# 16839 - EVAP System: Large Leak Detected



## orp (Nov 24, 2004)

Good morning people
Hope someone could give me a hand with this.
Been working on the listed problem and have searched and read many posts .
I have replaced the gas cap and did the visual in the engine compartment.
I have also run the 01-04-71 tests with the failure showing.
My question is when I run the output test for the EVAP, should I ONLY be hearing the N80 valve being actuated.
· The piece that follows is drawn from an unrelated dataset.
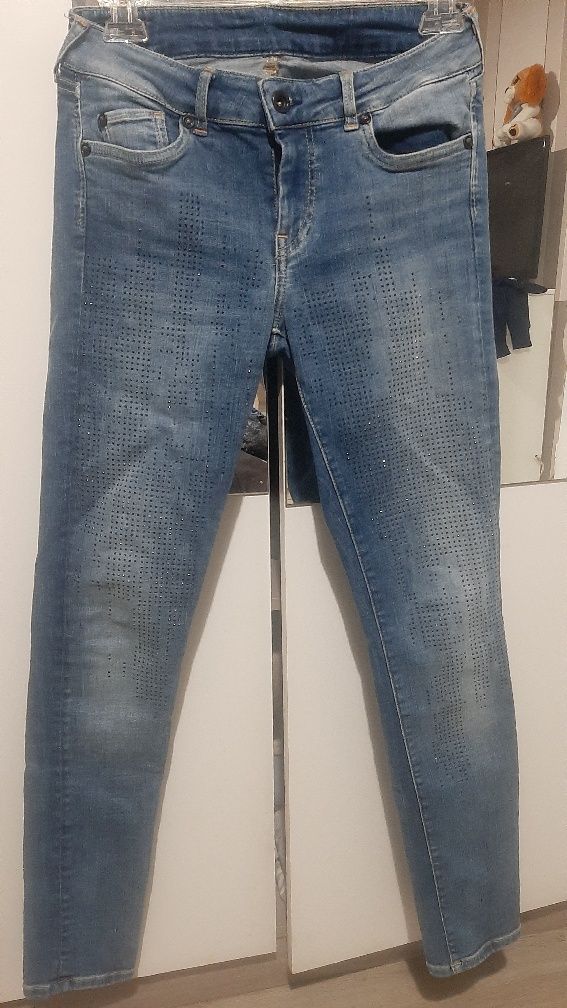 Дамски дънки Pepe jeans с камъни.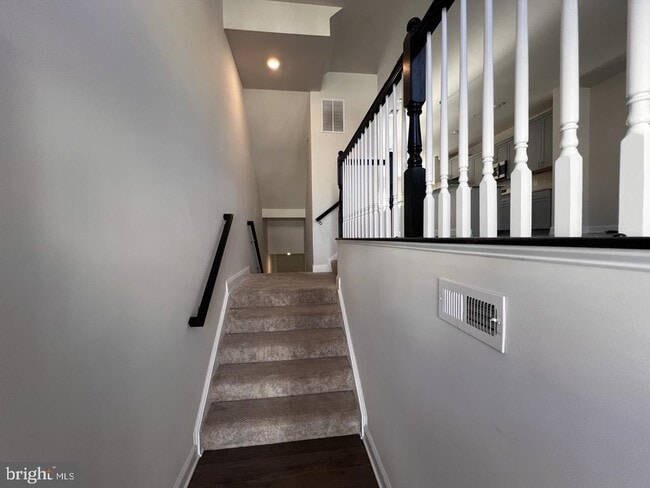Building Photo - 23788 Myrtle Glen Way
I ask this because I hear some hissing around the front of the engine..Hopefully this gross leak will be that easy to find...
Thanks for any help
joe

VCDS Version: Release 805.0
Data version: 20080616
----------------------------------------------------------------------------
----
----------------------------------------------------------------------------
----

Chassis Type: 1J - VW Golf/Bora IV
Scan: 01 02 03 08 15 16 17 19 22 29 35 36 37 39 46 47 55 56 57 75
76

Mileage: 158070km/98220miles
----------------------------------------------------------------------------
---
Address 01: Engine Labels: 06A-906-032-AWD.lbl
Part No: 06A 906 032 CL
Component: 1.8l 5V 110kW TLG V003 
Coding: 06500
Shop #: WSC 00066 
3 Faults Found:
16839 - EVAP System: Large Leak Detected 
P0455 - 35-00 - -


----------



## [email protected] (Feb 16, 2007)

*Re: 16839 - EVAP System: Large Leak Detected (orp)*

Did you check the evap canister purge valve? Try 01-04-70.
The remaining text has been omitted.